Y continúa el precitado autor: “Además de todas estas acciones de guerra bajaron los Indios de las Misiones a Buenos Aires en 1657 para defender la ciudad, y al siguiente año volvieron con el mismo fin otros 300. En 1671 pidió Zalazar otros 500 para defender la ciudad contra nuevos ataques y sabemos que durante 15 años hubo permanentemente diversos destacamentos de 150 Indios que vigilaban las costas del mar y del Río de la Plata. La ciudad pidió refuerzos cuando en 1697 se temió una invasión de fuerzas francesas y al efecto bajaron de las Misiones 2.000 indios y en igual número acudieron en defensa de Buenos Aires cuando en 1700 se temió un desembarco de tropas dinamarquesas, “y estuvieron tanto tiempo en las cercanías del río Hurtado que hicieron allí sus sementeras, hasta que el Sr. Gobernador les dio licencia para volver a sus casas alabando su fidelidad y constancia en lo tocante al servicio del Rey”... El caso de los Indios Misioneros es un caso único en la Historia: el de una milicia que, no sólo defiende su propio territorio, sino que se moviliza, y viajando 200 y 300 leguas, acude en número de muchos miles a cuantas empresas militares ocurren durante más de cien años en el vasto ámbito de varias provincias; y todo esto a su costa y descubriendo en todas ocasiones un arrojo y valor indomable y una abnegación sin límites.

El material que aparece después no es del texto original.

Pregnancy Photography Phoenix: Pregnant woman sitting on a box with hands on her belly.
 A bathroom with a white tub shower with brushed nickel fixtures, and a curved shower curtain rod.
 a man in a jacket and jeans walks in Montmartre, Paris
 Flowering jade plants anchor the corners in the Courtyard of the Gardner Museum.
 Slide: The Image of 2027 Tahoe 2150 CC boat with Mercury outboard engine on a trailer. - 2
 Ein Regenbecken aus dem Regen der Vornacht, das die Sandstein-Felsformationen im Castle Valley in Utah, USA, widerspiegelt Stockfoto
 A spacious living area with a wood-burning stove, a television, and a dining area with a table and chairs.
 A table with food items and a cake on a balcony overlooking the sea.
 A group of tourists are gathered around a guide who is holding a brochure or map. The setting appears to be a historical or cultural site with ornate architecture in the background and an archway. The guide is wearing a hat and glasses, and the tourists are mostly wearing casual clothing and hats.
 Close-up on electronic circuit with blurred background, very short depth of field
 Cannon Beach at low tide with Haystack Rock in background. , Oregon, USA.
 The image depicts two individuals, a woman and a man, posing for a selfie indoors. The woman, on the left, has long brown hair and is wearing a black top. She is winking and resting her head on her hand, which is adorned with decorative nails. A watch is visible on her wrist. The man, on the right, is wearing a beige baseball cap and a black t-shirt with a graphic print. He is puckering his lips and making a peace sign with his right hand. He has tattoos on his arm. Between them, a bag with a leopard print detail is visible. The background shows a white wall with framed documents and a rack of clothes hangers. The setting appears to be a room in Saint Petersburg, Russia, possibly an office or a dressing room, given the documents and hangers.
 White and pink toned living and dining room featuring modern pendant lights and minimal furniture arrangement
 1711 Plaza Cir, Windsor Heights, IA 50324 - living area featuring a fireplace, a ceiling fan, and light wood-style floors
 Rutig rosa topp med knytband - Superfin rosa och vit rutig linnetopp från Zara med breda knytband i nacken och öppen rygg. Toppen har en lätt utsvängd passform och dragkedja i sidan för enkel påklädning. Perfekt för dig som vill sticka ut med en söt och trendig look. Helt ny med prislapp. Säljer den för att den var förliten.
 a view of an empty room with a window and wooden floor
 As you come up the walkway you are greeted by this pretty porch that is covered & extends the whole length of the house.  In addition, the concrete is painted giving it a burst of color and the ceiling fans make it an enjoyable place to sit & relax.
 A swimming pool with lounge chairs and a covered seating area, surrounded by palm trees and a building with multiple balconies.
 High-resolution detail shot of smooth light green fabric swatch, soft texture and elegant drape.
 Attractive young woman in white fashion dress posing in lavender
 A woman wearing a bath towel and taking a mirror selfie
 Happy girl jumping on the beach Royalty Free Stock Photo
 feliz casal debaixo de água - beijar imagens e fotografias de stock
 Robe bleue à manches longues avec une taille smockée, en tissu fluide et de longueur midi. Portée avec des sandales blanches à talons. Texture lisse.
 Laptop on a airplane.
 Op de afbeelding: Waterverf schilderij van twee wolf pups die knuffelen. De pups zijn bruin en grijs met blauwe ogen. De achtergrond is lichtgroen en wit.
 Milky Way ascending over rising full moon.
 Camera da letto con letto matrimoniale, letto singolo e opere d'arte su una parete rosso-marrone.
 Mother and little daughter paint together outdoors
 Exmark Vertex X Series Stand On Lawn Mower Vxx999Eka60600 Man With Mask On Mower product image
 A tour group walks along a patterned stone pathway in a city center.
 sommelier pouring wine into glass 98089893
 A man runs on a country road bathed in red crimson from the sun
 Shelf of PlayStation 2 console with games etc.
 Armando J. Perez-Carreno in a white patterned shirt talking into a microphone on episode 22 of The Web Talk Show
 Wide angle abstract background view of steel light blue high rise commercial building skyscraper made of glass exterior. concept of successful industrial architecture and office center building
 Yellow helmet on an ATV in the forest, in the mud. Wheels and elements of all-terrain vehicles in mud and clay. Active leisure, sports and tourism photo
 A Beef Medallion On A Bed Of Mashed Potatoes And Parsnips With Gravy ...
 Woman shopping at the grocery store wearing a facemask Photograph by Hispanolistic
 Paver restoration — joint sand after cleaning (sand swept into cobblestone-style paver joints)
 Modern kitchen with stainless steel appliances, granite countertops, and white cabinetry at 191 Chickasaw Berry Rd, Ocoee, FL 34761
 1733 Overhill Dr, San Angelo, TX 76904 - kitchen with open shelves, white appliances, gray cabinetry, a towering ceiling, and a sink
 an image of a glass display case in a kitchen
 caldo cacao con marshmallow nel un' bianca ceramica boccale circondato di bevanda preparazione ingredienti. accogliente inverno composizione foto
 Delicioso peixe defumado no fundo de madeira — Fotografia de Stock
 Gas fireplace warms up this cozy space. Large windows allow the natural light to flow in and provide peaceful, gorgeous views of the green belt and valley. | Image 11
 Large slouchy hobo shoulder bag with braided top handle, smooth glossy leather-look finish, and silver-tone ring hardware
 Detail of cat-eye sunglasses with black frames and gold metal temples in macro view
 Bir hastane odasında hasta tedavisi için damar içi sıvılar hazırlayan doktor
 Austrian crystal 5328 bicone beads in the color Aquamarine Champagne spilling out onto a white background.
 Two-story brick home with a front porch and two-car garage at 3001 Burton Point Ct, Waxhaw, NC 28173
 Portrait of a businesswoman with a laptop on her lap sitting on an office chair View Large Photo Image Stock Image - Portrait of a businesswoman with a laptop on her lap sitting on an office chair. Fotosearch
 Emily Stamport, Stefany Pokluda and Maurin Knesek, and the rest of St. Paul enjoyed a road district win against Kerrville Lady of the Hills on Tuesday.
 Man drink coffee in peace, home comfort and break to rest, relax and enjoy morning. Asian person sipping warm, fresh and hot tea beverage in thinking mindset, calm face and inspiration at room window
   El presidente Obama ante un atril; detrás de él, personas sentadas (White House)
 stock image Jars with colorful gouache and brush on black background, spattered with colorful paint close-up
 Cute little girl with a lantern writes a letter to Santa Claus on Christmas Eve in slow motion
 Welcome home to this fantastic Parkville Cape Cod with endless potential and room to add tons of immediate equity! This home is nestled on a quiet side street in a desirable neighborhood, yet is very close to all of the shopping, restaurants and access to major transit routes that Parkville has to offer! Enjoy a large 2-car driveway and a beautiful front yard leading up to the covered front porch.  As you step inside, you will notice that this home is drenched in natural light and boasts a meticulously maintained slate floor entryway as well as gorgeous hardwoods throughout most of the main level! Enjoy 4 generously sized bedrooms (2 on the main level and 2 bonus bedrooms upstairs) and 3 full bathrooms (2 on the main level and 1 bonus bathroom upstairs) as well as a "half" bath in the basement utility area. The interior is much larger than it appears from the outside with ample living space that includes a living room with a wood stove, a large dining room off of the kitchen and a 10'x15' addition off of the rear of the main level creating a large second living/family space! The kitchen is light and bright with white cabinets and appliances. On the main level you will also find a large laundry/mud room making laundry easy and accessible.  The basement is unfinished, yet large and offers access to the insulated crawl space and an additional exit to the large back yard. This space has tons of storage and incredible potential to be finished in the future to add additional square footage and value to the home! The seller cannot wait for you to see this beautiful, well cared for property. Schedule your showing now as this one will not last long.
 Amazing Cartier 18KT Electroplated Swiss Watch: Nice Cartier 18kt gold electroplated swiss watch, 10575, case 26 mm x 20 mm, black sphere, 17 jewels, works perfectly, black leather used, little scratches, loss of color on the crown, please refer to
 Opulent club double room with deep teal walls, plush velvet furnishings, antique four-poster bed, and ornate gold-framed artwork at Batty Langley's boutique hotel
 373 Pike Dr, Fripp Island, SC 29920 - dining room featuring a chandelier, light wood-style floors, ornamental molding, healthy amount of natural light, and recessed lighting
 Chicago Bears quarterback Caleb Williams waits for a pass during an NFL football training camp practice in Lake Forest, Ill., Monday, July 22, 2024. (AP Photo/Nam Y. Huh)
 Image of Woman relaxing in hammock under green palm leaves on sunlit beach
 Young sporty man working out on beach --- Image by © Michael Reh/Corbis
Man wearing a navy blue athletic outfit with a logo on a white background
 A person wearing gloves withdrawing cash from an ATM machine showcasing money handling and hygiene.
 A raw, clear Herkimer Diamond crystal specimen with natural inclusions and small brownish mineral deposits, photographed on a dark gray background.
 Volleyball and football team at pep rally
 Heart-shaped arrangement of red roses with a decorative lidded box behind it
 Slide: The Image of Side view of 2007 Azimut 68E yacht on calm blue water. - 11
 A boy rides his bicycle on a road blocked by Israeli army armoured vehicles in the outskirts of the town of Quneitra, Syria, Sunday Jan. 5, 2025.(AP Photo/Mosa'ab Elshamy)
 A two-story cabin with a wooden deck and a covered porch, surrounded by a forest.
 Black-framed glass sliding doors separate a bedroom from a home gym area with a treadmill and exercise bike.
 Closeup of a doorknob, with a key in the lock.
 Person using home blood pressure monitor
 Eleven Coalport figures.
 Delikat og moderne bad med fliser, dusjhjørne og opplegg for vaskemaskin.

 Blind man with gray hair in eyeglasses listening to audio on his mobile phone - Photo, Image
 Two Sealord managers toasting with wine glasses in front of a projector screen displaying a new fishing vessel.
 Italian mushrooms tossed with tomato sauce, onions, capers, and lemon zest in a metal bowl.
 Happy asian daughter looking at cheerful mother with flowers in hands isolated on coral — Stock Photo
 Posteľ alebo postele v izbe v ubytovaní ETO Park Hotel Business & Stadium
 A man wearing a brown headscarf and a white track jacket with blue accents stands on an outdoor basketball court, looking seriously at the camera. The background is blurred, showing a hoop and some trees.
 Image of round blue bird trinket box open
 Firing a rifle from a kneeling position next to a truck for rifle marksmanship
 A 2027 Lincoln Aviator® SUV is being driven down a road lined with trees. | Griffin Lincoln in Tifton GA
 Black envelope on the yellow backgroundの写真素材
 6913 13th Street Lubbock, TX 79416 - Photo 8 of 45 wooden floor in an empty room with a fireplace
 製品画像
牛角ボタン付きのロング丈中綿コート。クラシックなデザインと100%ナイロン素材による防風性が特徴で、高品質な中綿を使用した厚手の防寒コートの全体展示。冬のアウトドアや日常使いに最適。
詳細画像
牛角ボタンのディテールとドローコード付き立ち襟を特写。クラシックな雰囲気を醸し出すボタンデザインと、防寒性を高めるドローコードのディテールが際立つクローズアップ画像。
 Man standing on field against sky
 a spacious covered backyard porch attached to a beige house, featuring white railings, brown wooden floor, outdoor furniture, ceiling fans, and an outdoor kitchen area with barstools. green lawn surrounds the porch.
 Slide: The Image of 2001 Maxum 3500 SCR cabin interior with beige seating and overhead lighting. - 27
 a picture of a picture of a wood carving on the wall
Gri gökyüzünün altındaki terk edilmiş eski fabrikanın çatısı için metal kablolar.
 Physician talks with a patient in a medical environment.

No era, pues, ponderación, sino estricta realidad lo que de ellos dejó consignado el Rey Felipe V en su Cédula de 1743: “que estos indios de las Misiones de la Compañía, siendo el antemural de aquella Provincia, hacían a mi Real Corona un servicio como ningunos otros, lo que ya mi Real benignidad les manifestó en la instrucción de 1716...; cualquier novedad... podía quitar... a mi Real Corona aquellos Vasallos, que le ahorran la tropa que se necesitaría y no la hay en aquellos parajes; y a las Plazas del Paraguay y Buenos Aires una defensa inexpugnable de tantos años a esta parte.”

Ligeramente, y no voy a detenerme más, he esbozado los lineamientos principales de la política de los Habsburgo en América y la importancia que tuvieron las misiones, después de la conquista militar del Río de la Plata, en la que cooperaron con la abnegación del heroísmo y la santidad de la fe. Vamos a ver ahora cómo, a partir del año 1700, todos aquellos viejos afanes quedan paralizados o postergados.

Con la guerra de sucesión en España, los ideales e instituciones de la Contrarreforma son lamentablemente olvidados y preteridos. La política vuélvese laica; la economía prima sobre la religión. El evangelismo de la reina Isabel duerme en los archivos; y los virreyes de América tratan de adecuarse al siglo, relegando a segundo plano las tradiciones centenarias del reino.